Systems software researcher finds ways to make supercomputers even more super

Imagine a bank processing your withdrawals before it accepts prior deposits. Or an online store taking 500 orders for an item it has just 25 to sell. The chaos of overdrawn accounts and unfulfilled purchases would seem ridiculous. “Our minds work in a sequential way,” says Roberto Palmieri, an assistant professor of computer science and engineering (CSE). “You’d say, ‘Of course they’d process the deposit first.’”

Our expectation that computer systems conduct transactions in proper sequence and ensure that orders jive with inventory depends on a computer-science discipline known as synchronization, as well as distributed computing.
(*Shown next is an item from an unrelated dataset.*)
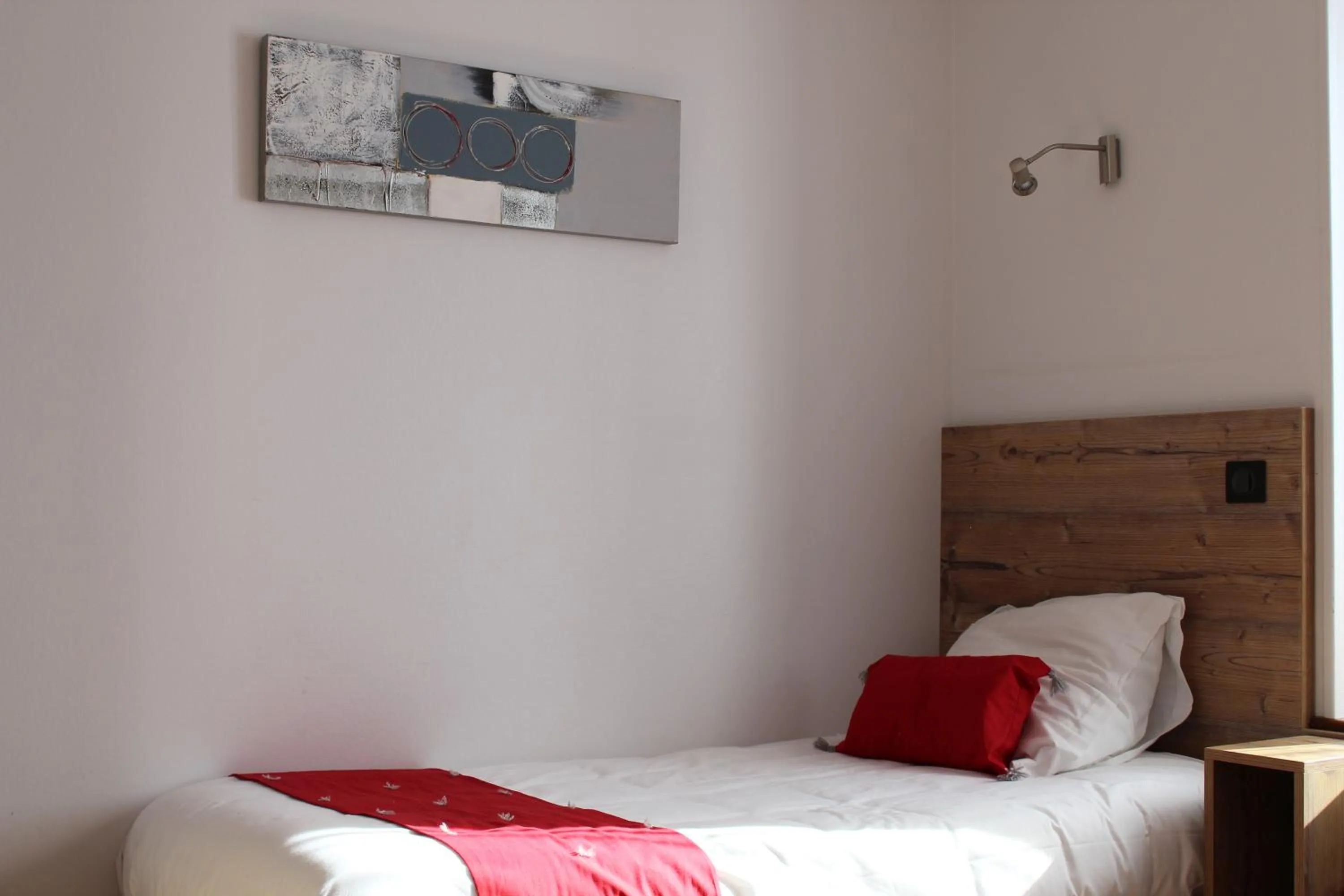 Bed in Logis Hôtel Auberge de l'Allagnonette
Palmieri specializes in both. “The goal of synchronization is to make sure activities resulting from other activities are coordinated in a way that preserves data integrity and allows clients to observe events happening in the order they intended,” he says. “But executing tasks one after the other doesn’t work well in large systems where millions of people are doing the same thing at once.”

With support from the National Science Foundation, Palmieri, along with associate professor Michael Spear and students in the Scalable Systems and Software (SSS) Research Group, have developed a method that makes synchronization in large-scale, high-performance supercomputers much more efficient—and as a result, substantially faster.
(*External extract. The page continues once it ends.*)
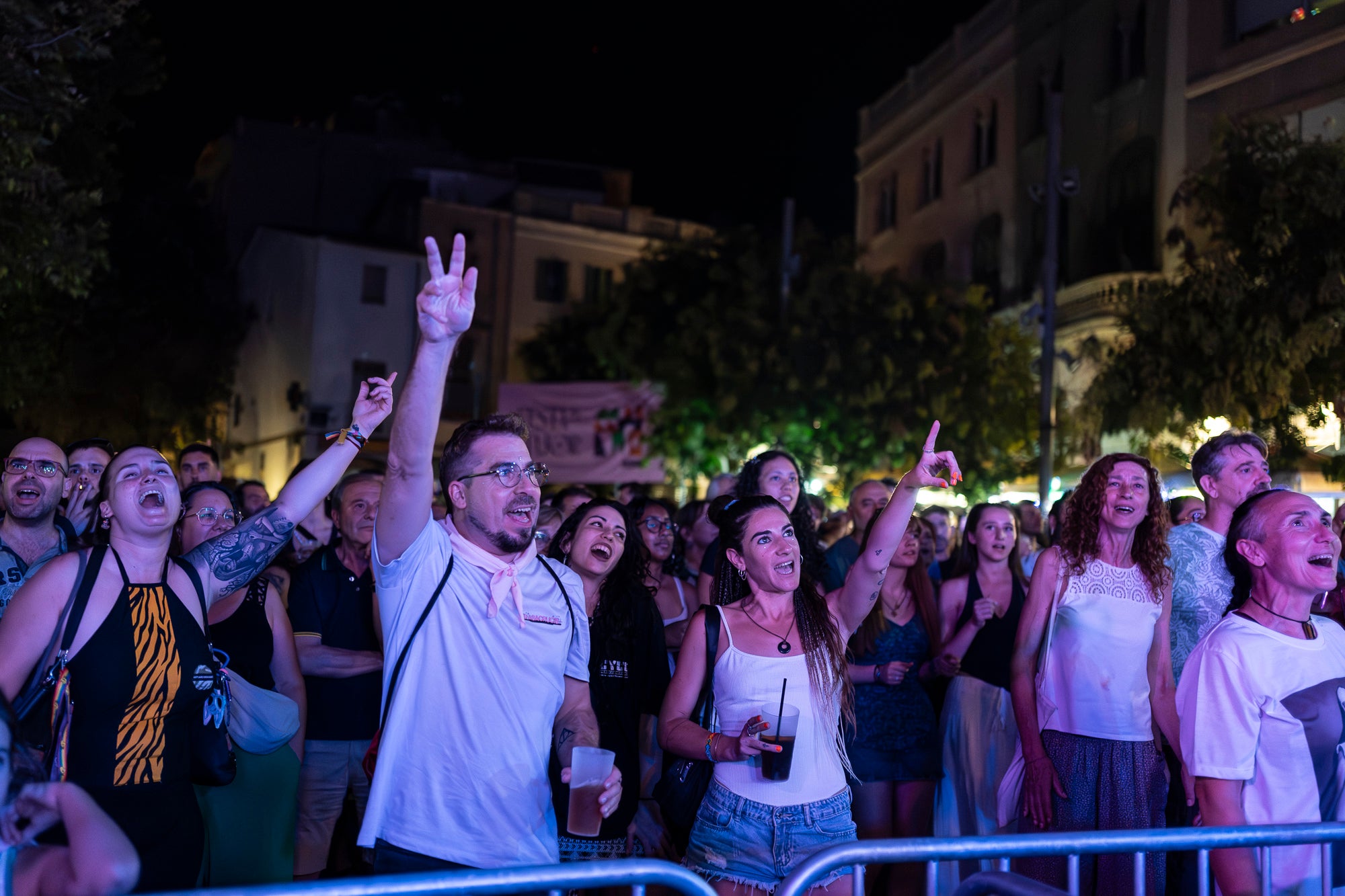 La Balkan Paradise Orchestra van ser unes de les encarregades d'obrir el programa de concerts de la Festa Major de Terrassa, fent ballar a tota la Plaça Vella. Aquesta actuació de la banda barcelonina va formar part de la gira Game Sessions Tour que estan realitzant aquest 2026 | Mireia Comas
The innovation already has been incorporated into a widely used benchmark called Synchrobench. “Our method’s impact is not just in software development but also in the way data structures are being taught worldwide,” Palmieri says.
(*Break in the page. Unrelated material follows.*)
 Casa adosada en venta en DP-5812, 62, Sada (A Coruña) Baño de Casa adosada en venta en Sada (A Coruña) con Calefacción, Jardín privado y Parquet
The value of teaching has been important to Palmieri since his own student days in Rome, where he studied computer science and began doing business in hardware, software, and systems services. “I wasn’t thinking of getting a PhD or leaving Italy,” he says. Then a teacher friend invited him to deliver a lecture on computer architecture. “I learned I loved to teach.” Palmieri says. “The idea of helping someone through a hard problem and having them come out understanding a way to solve it—I thought that would be the most rewarding thing I could do.”

Our method’s impact is not just in software development but also in the way data structures are being taught worldwide.
Roberto Palmieri

After earning his master’s and doctoral degrees, he was offered a position at Virginia Tech. His work attracted notice, and other schools came calling. “I decided to join Lehigh for two reasons: [CSE professors] Hank Korth and Mike Spear,” Palmieri says. “To go where you can interact with people who know your language, understand where you’re going, and have high standards made Lehigh a clear choice.”

He’s still guided by a vision of working with students to solve problems. The insight that led to faster supercomputers tackled a dilemma inherent in data structure. Unlike a typical laptop that contains four or eight processor cores in a single chip, a supercomputer uses hundreds of cores spread over several chips. Finding data across this vast archipelago of processors requires extensive searching in a process called non-uniform memory access (NUMA). A processor operating in a given NUMA zone is like an island, Palmieri says. If you stay on your own island, speed is high. But if you’re figuratively on Samoa, it will take longer to execute a task if you first have to go to Tuvalu.

The SSS team exploited the home-island advantage by replicating key metadata that governs core memory across computing units. In effect, they put key data everywhere so processors didn’t have to look for it beyond their own shores. At the same time, the team adopted an organizational strategy that tolerates small skews in metadata across the system. “You don’t have to update the whole system right away if there’s a modification in one island, which would destroy performance,” Palmieri says. “The updates on other islands can happen later.” Within the parameters of the 2018 paper, the system, called NUMASK, was shown to be two to 16 times faster than conventional systems.

“We’re now applying knowledge and expertise from that project and taking it to the next level with more complex architecture,” Palmieri says. One team, led by PhD student Jacob Nelson, is exploring a concept called bundling that helps better discern the path forward when traversing elements within a data structure without compromising speed or accuracy. Another team, led by PhD student dePaul Miller, is investigating use of the massively parallel processing capabilities of graphics processing units (GPUs) for new applications that share data.

Palmieri makes a point to encourage students to pursue their interests, not just his. “Branching out in new directions brings excitement and lets our scope as a research group grow.”